Atiq is horrified. He pushes his wife away, then holds his hands out in front of him and implores her to remain where she is. “What you’re saying makes no sense,” he declares.

“You know very well that I’m right. I’ve been inspired by the Lord: That woman is not going to die. She’ll be everything I couldn’t be for you. You have no idea how happy I am this morning. I’ll be more useful dead than alive. And at long last, you’re being offered a chance. I beg you not to ruin it. Listen to me, just this once. . . .”

Fifteen

 

WITH A GREAT SCREECHING of brakes, Qassim Abdul Jabbar brings his 4 × 4 to a halt in front of the jailhouse. Right behind him comes a little bus filled with women and children. Preferring to keep his distance from the malignant atmosphere surrounding the baleful little prison, the driver of the bus parks it on the other side of the street. Atiq Shaukat slips into the corridor and stands with his back against the wall. He pins his trembling hands behind his buttocks and keeps his eyes on the floor so as not to betray the intensity of his emotions. He’s frightened and cold. His tangled guts rumble and squeal as though they’re about to burst; shooting pains cramp his legs and threaten to cripple him. The beating of his blood resounds dully in his temples, like the blows of a club reverberating through subterranean galleries. To stave off an attack of panic, he clenches his teeth and holds his increasingly agitated breath.

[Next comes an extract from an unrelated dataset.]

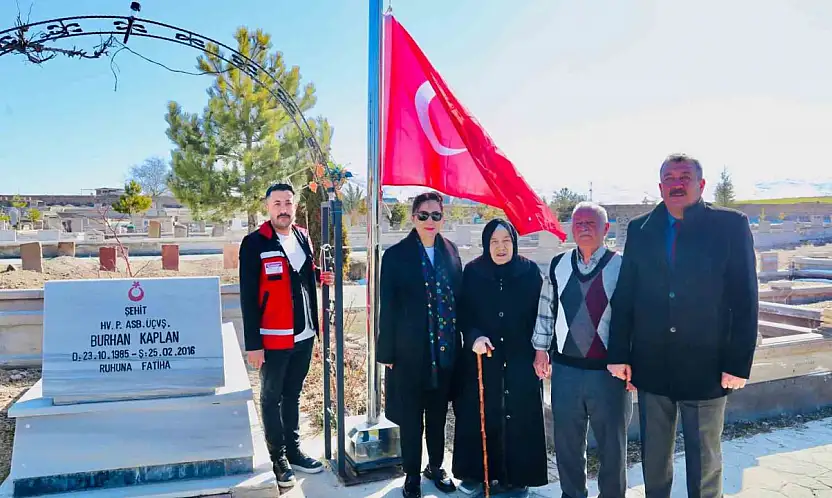 Kayseri'de bayram öncesi şehit kabirlerine anlamlı ziyaret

Outside in the street, Qassim announces his arrival in his usual way, loudly clearing his throat. This morning, there’s something particularly hideous about his phlegmy hawking. Atiq can hear metallic sounds, then the thud of several pairs of feet hitting the ground. Shadows move through the violent light of early morning. Two militiawomen enter the unhealthy darkness of the jailhouse. Despite the steadily rising temperature outside, the interior of the building is cold and damp. Stepping with military precision, the women pass in front of the jailer without a word and move toward the cell at the end of the corridor. Qassim appears in his turn. His massive shoulders fill the doorway, accentuating the semidarkness. Hands on his hips, he shakes his head left and right, performs a few exaggerated contortions, and approaches the jailer while feigning interest in a crack in the ceiling.